The overall attack chain adopted by the double extortion crew is as follows –

  • Obtain initial access via a wide range of methods, including spear-phishing, account credentials purchased from IABs, and the exploitation of vulnerabilities in public-facing applications such as Citrix Netscaler (CVE-2023-3519 and CVE-2025-5777), Fortinet EMS (CVE-2023-48788), and SimpleHelp (CVE-2024-57727).
  • Extract sensitive credentials from the compromised environment.
  • Use living-off-the-land binaries (LOLBins), such as remote desktop protocol (RDP) and PsExec, for lateral movement.
  • Employ the bring your own vulnerable drive (BYOVD) technique using filwfp.sys, filnk.sys, fildds.sys to impair system defenses.
  • Drop Cobalt Strike, AnyDesk, ScreenConnect, and TeamViewer for command-and-control.
  • Exfiltrate data of interest using Rclone after staging them as password-protected archives.
  • Run the encryptor and speed up the process using techniques like multithreading and partial encryption. The payload features a command-line interface that gives the operator more control during hands-on deployments. When it’s executed with the “–esxi” argument, it attempts to shut down virtual machines.

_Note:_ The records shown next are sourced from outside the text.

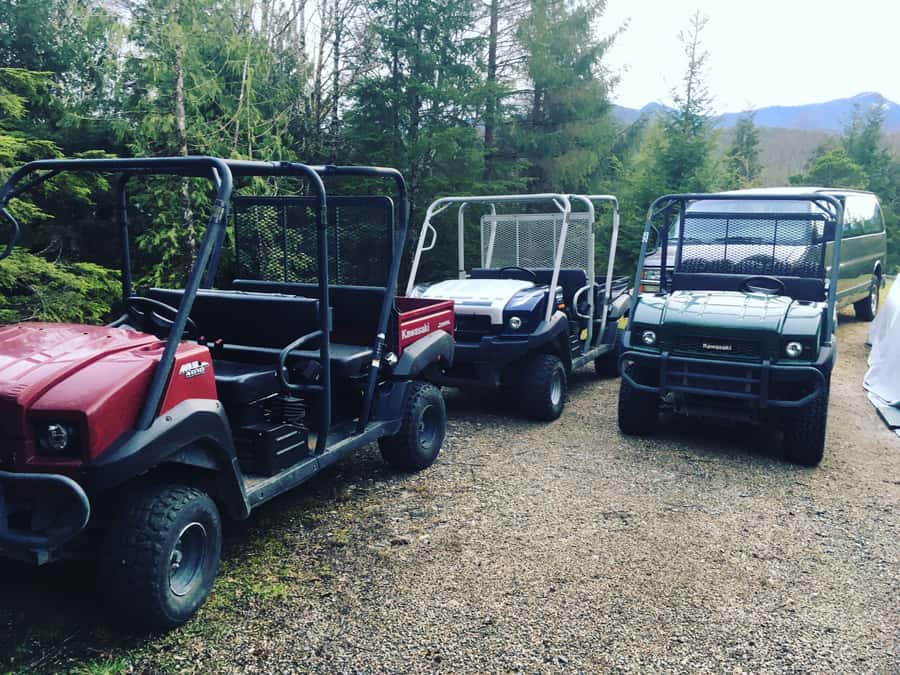 Ketchikan: Tongass Forest Alaska Bigfoot ATV Ride and Hike - ATV Ride in the UTVs: Quick, Fun, and Purposeful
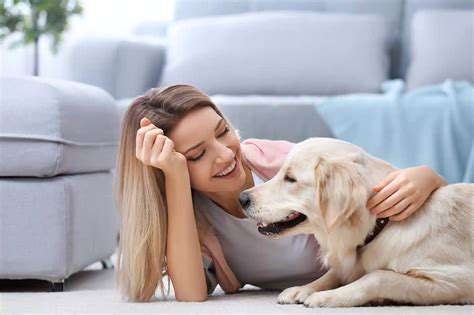 BehavioralTherapyandTraining:EquippingYourPetwithCopingMechanisms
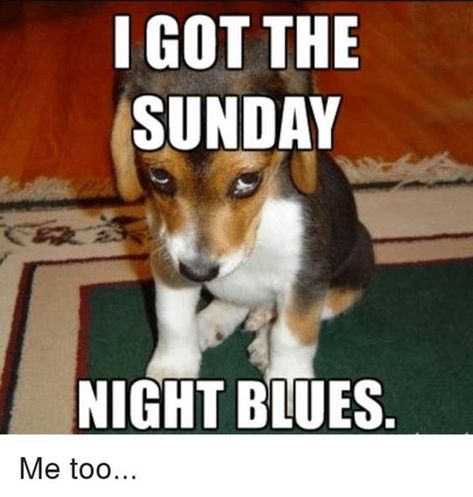 Funny Sunday Memes, Puppy Meme, Sunday Meme, Meme Names, Sunday Humor, Funny Sun, Pocket Beagle, James D'arcy, Love Parents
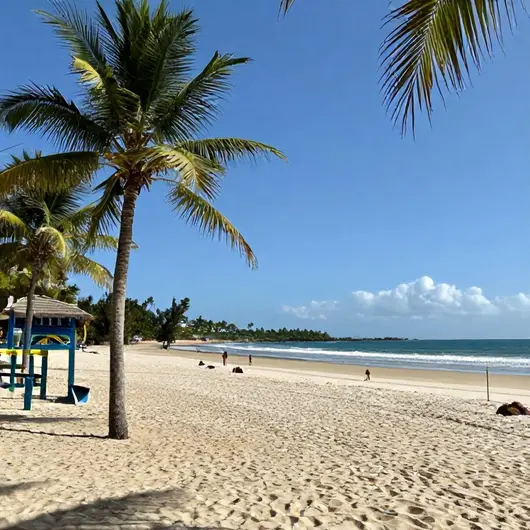 Descubra Âncora Beach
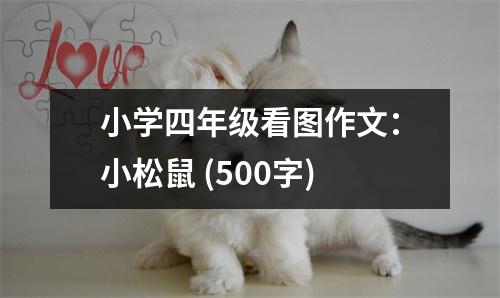 小學四年級看圖作文：小松鼠 (500字)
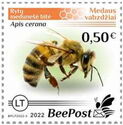 Eastern Honey Bee (Apis cerana)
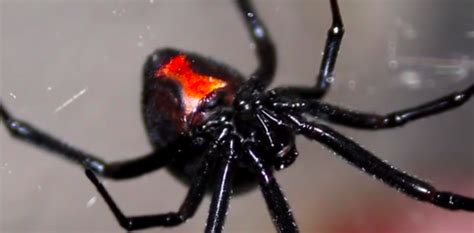 Black widow spider bites rarely kill people, but it's important to get medical attention as soon as you can because they can make you very sick. Will A Bite From This Spider Kill You?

The findings show that ransomware groups can find success and scale up by following widely known techniques without having to lean on advanced tradecraft or bespoke tooling, effectively producing a steady stream of victims spanning various geographies and sectors. Data compiled by ZeroFox shows that INC ransomware emerged as the fourth most prominent ransomware group in Q1 2026 after Qilin (338), Akira (197), and The Gentlemen (192), accounting for over 120 incidents during the time period. 

“INC continues to strengthen its ransomware operation through Rust-based payload rewrites and continuous toolkit enhancement, while carefully targeting industries such as health care, legal services, professional services, manufacturing, and construction where operational downtime creates strong financial pressure to pay,” Acronis said.

“This threat is further amplified because these sectors depend heavily on uninterrupted operations and supply chains, increasing the risk of collateral exposure across vendor networks and downstream partners when breaches occur.”